Hu Xiaoyan, Ran An Ran, Nguyen Truong X, Szeto Simon, Yam Jason C, Chan Carmen K M, Cheung Carol Y
Department of Ophthalmology and Visual Sciences, The Chinese University of Hong Kong, Hong Kong SAR, China.
Hong Kong Eye Hospital, Hong Kong SAR, China.
Ophthalmol Ther. 2023 Dec;12(6):3395-3402. doi: 10.1007/s40123-023-00789-8. Epub 2023 Sep 1.
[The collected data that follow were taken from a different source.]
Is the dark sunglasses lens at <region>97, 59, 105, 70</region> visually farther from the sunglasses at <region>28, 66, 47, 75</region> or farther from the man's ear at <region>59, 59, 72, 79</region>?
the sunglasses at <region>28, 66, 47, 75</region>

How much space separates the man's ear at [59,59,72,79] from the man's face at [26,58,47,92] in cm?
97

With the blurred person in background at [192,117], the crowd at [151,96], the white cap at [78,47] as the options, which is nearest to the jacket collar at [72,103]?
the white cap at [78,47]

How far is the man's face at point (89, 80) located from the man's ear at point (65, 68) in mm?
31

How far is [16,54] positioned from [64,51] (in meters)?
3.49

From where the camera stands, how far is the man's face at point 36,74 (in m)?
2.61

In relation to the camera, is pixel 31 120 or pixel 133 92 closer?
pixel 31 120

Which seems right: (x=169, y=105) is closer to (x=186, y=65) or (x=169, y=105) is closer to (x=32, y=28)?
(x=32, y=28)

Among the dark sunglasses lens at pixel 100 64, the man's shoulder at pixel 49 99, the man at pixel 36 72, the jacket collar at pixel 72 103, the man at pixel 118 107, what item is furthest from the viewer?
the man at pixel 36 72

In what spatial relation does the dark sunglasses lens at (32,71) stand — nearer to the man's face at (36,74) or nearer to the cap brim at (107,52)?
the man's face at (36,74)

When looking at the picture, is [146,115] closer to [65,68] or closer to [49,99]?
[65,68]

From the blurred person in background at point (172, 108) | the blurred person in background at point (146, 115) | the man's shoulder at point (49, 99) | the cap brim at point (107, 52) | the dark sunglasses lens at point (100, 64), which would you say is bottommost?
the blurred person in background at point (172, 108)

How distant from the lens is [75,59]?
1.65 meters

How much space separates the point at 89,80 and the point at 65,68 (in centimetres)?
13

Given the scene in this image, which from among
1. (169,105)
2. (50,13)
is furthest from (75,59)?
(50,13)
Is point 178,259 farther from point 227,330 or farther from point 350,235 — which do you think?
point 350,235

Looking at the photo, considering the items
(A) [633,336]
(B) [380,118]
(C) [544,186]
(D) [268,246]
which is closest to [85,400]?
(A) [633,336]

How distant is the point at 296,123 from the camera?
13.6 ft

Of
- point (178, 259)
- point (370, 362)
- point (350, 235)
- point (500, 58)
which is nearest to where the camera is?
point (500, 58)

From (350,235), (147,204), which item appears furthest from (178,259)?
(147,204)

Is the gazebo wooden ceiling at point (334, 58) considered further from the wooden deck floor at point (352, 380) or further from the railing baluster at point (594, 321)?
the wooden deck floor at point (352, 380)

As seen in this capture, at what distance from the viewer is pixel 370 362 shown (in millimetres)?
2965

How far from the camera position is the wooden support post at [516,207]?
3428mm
Generative pretrained transformer-4 (GPT-4) has gained widespread attention from society, and its potential has been extensively evaluated in many areas. However, investigation of GPT-4's use in medicine, especially in the ophthalmology field, is still limited. This study aims to evaluate GPT-4's capability to identify rare ophthalmic diseases in three simulated scenarios for different end-users, including patients, family physicians, and junior ophthalmologists.
We selected ten treatable rare ophthalmic disease cases from the publicly available EyeRounds service. We gradually increased the amount of information fed into GPT-4 to simulate the scenarios of patient, family physician, and junior ophthalmologist using GPT-4. GPT-4's responses were evaluated from two aspects: suitability (appropriate or inappropriate) and accuracy (right or wrong) by senior ophthalmologists (> 10 years' experiences).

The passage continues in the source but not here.